DESCRIPTION OF THE TASK: The answer must reproduce exactly the lines from the one with "Set of four" through the end of the material, and it must contain no pictures.

--------------------------------

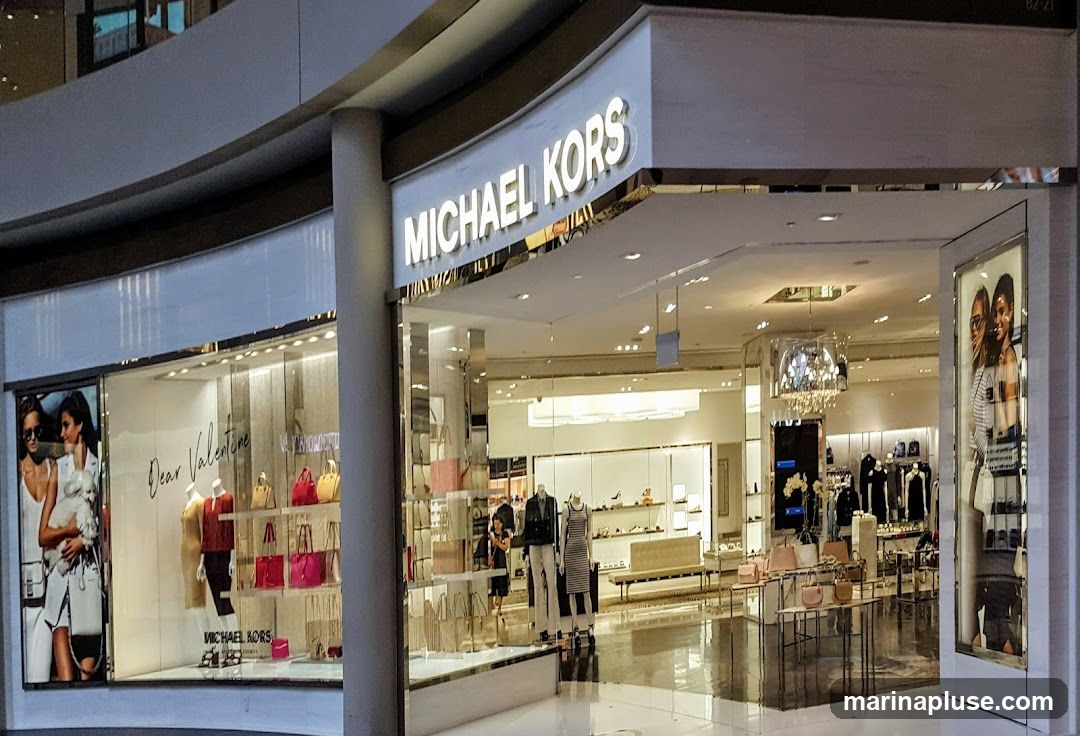 The exterior of a Michael Kors store with a large illuminated sign above the entrance. The storefront features large display windows showcasing handbags, clothing on mannequins, and promotional imagery. The interior of the store is visible, displaying more merchandise and a chandelier.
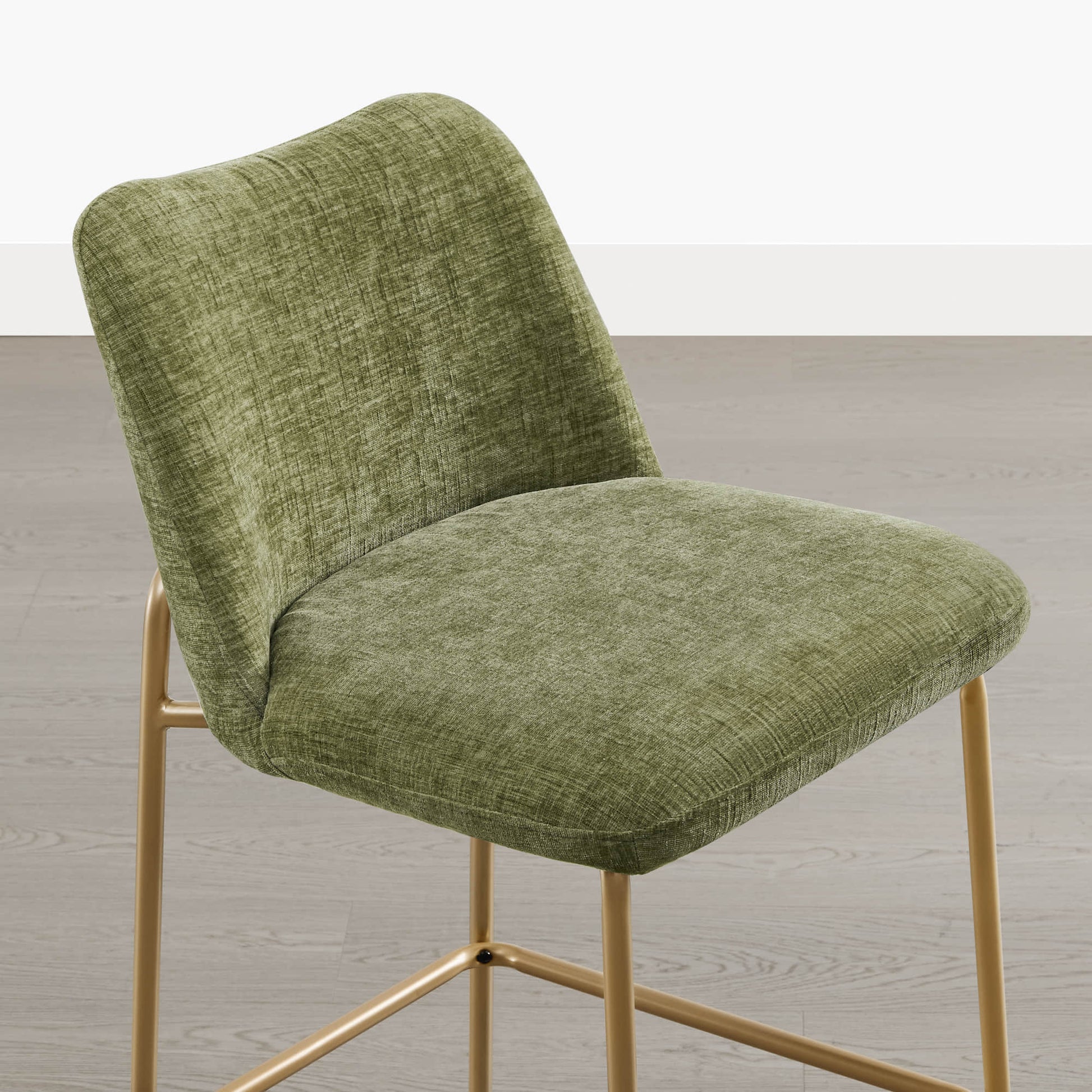 Amalia green upholstered barstool with gold metal base and curved back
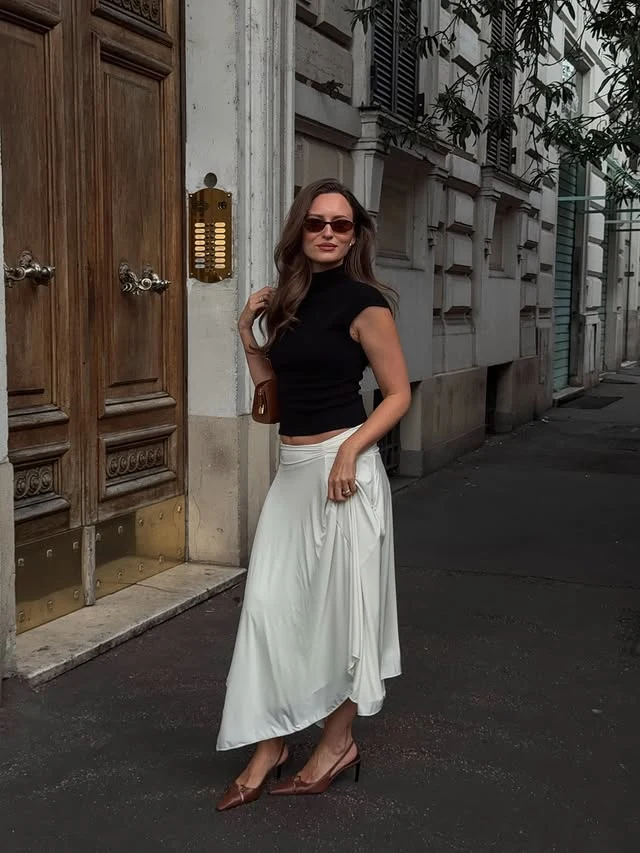 Black Turtleneck White Midi Skirt Outfit with Brown Bag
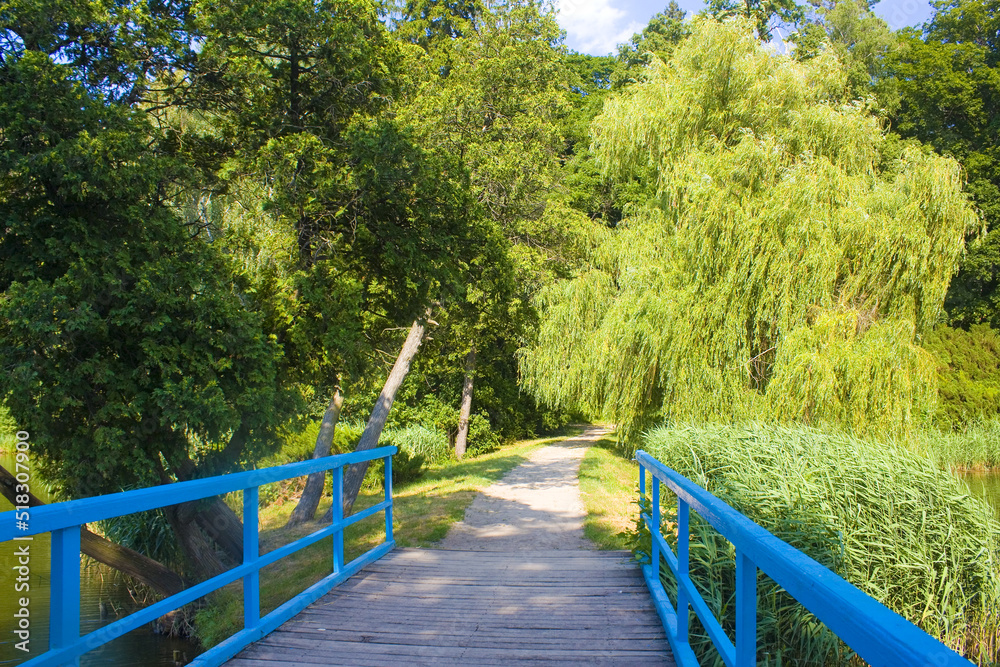 Sunny landscape with blue bridge in State Dendrological Park Trostianets in Chernigov region, Ukraine Sunny landscape with blue bridge in State Dendrological Park Trostianets in Chernigov region, Ukraine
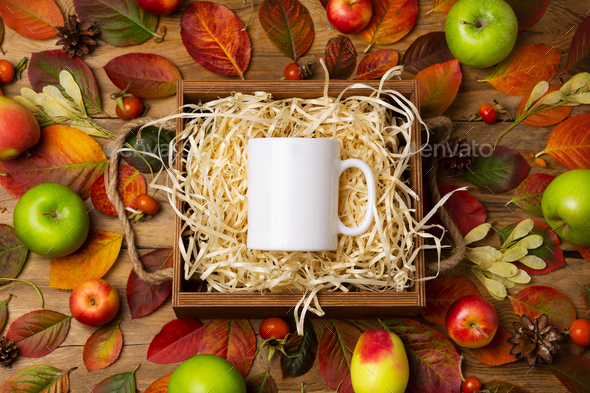 White coffee mug mockup with fall leave and pine cones - Stock Photo - Images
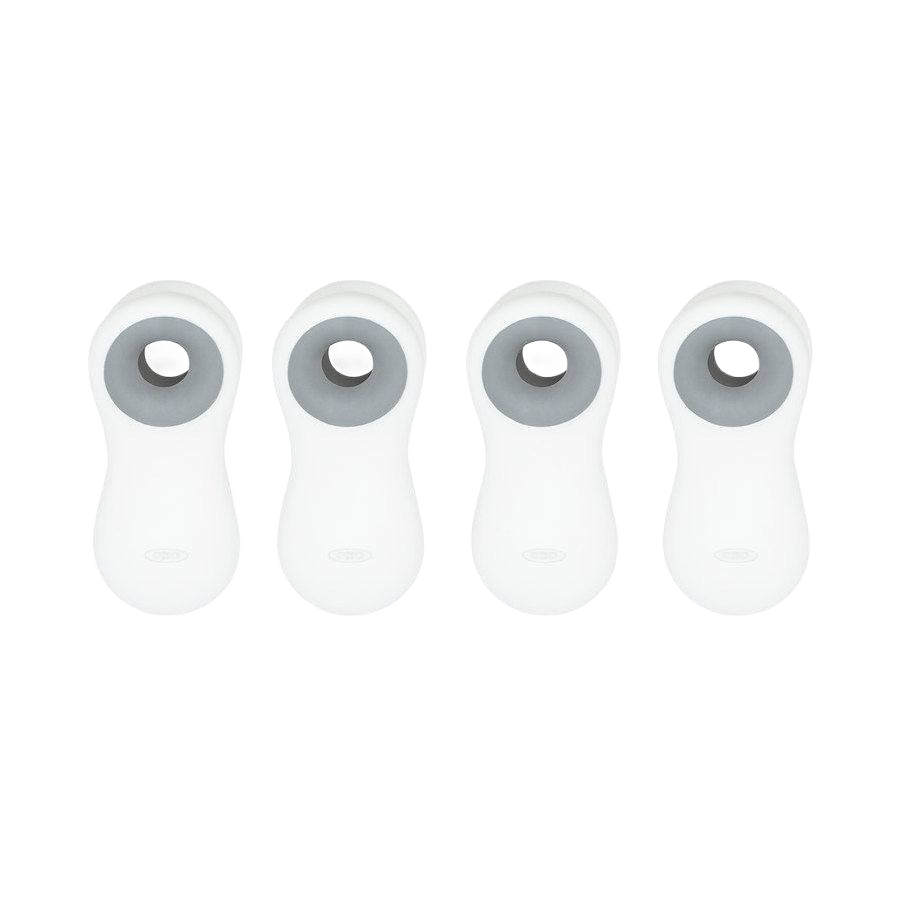 Set of four white magnetic clips with soft gray grips for versatile kitchenware and desk organization under 50 dollars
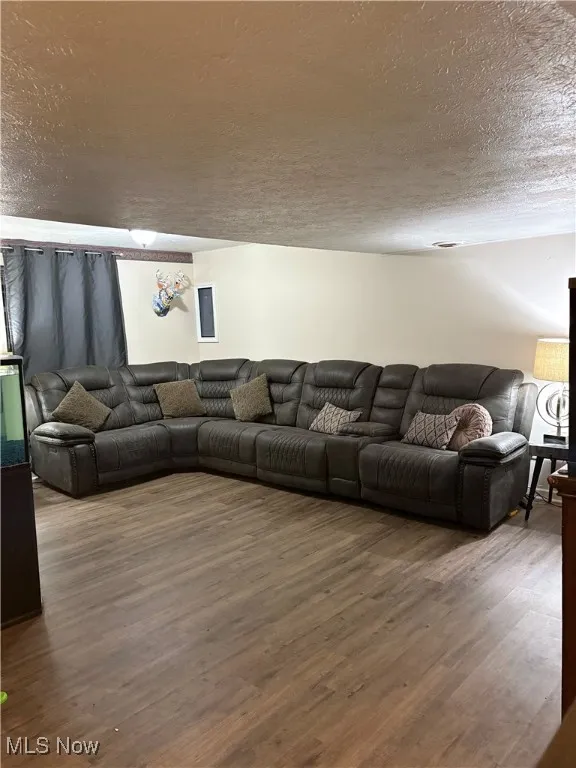 Family Room with LTV finished floors and a textured ceiling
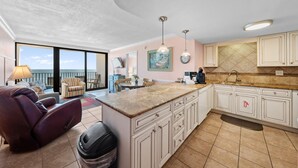 Un'ampia zona giorno con una grande finestra, un divano, una poltrona reclinabile e una cucina con pensili bianchi e un piano di lavoro in marmo.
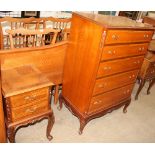 A walnut continental headboard together with a five drawer chest on cabriole legs and turned feet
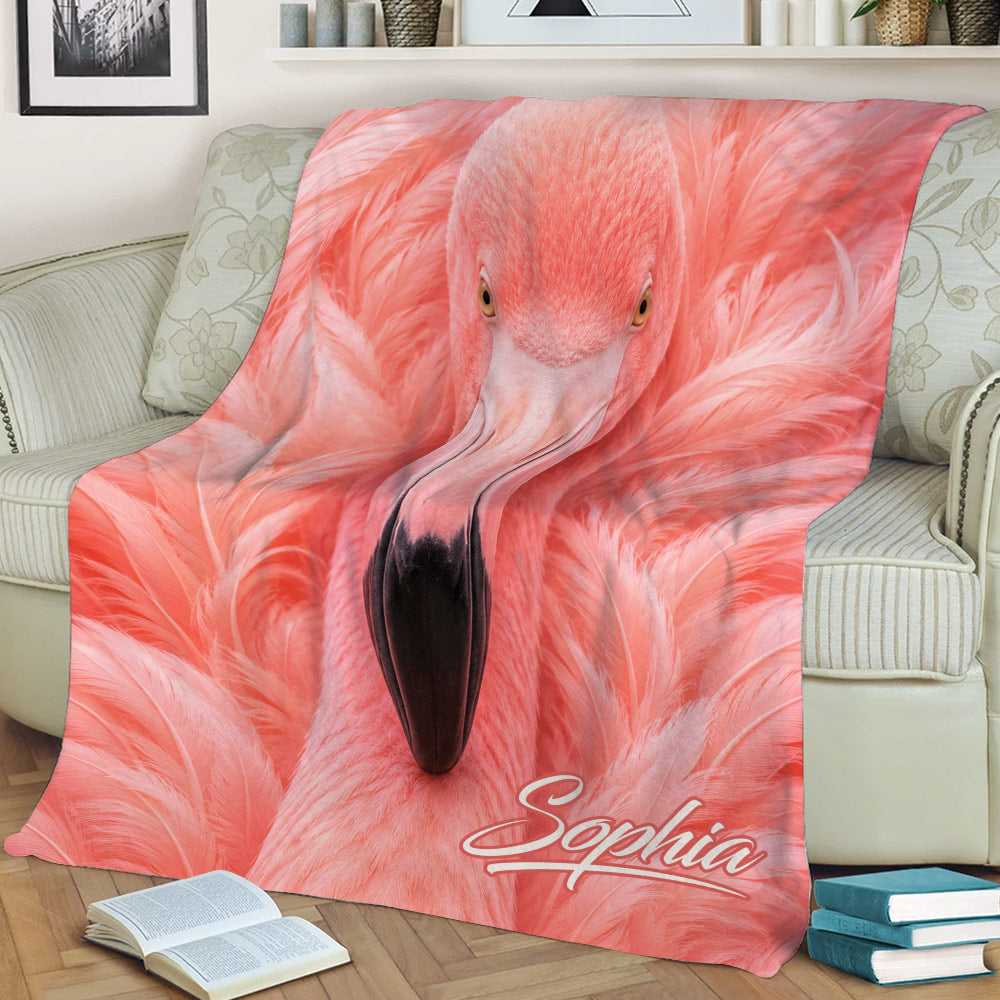 Flamingo throw blanket displayed on a couch with bold pink bird artwork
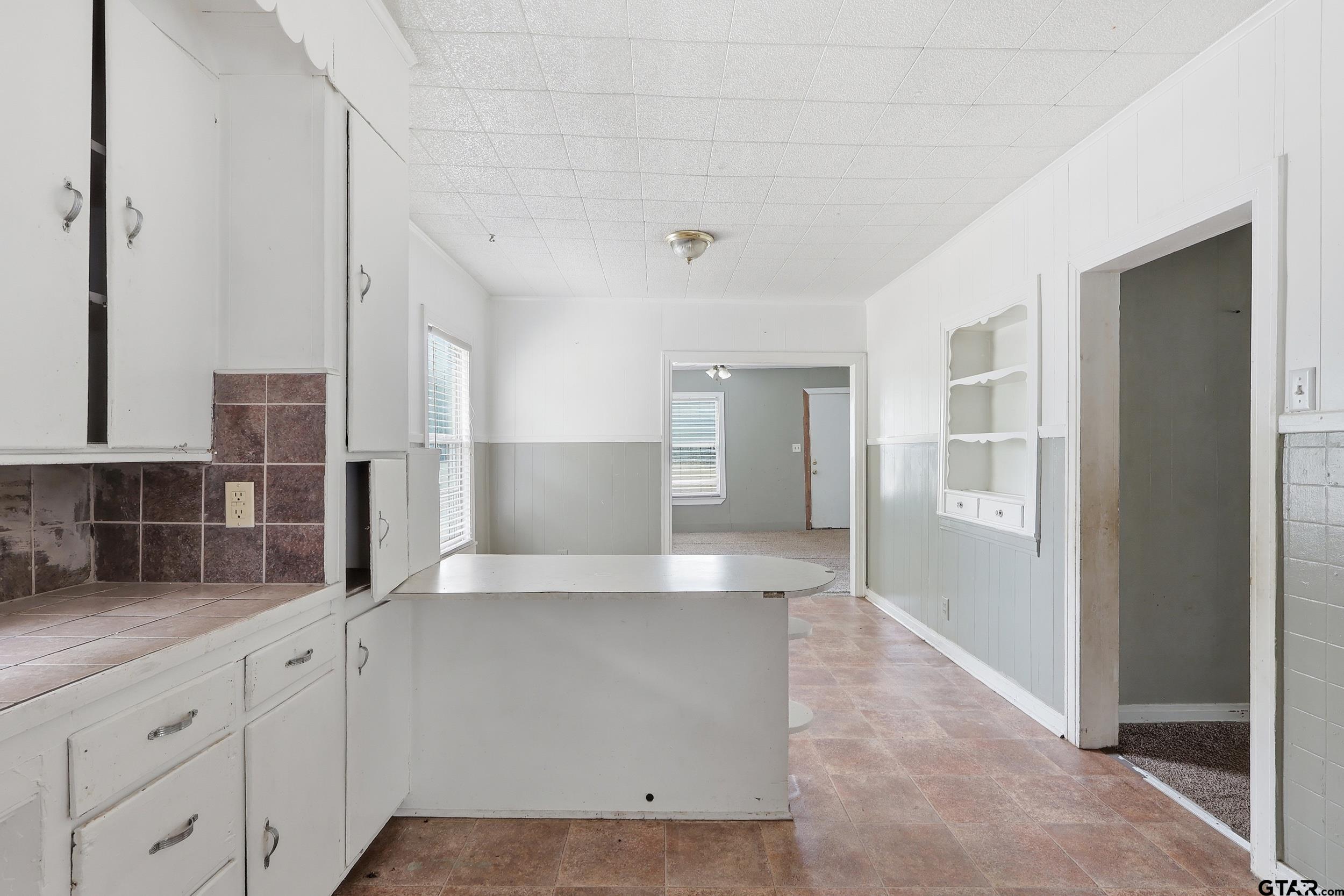 405 Rusk Street Pittsburg, TX 75686 - Photo 21 of 33 a large white kitchen with stainless steel appliances granite countertop a refrigerator and a sink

--------------------------------

ANSWER TO THIS TASK:
 Set of four white magnetic clips with soft gray grips for versatile kitchenware and desk organization under 50 dollars
 Family Room with LTV finished floors and a textured ceiling
 Un'ampia zona giorno con una grande finestra, un divano, una poltrona reclinabile e una cucina con pensili bianchi e un piano di lavoro in marmo.
 A walnut continental headboard together with a five drawer chest on cabriole legs and turned feet
 Flamingo throw blanket displayed on a couch with bold pink bird artwork
 405 Rusk Street Pittsburg, TX 75686 - Photo 21 of 33 a large white kitchen with stainless steel appliances granite countertop a refrigerator and a sink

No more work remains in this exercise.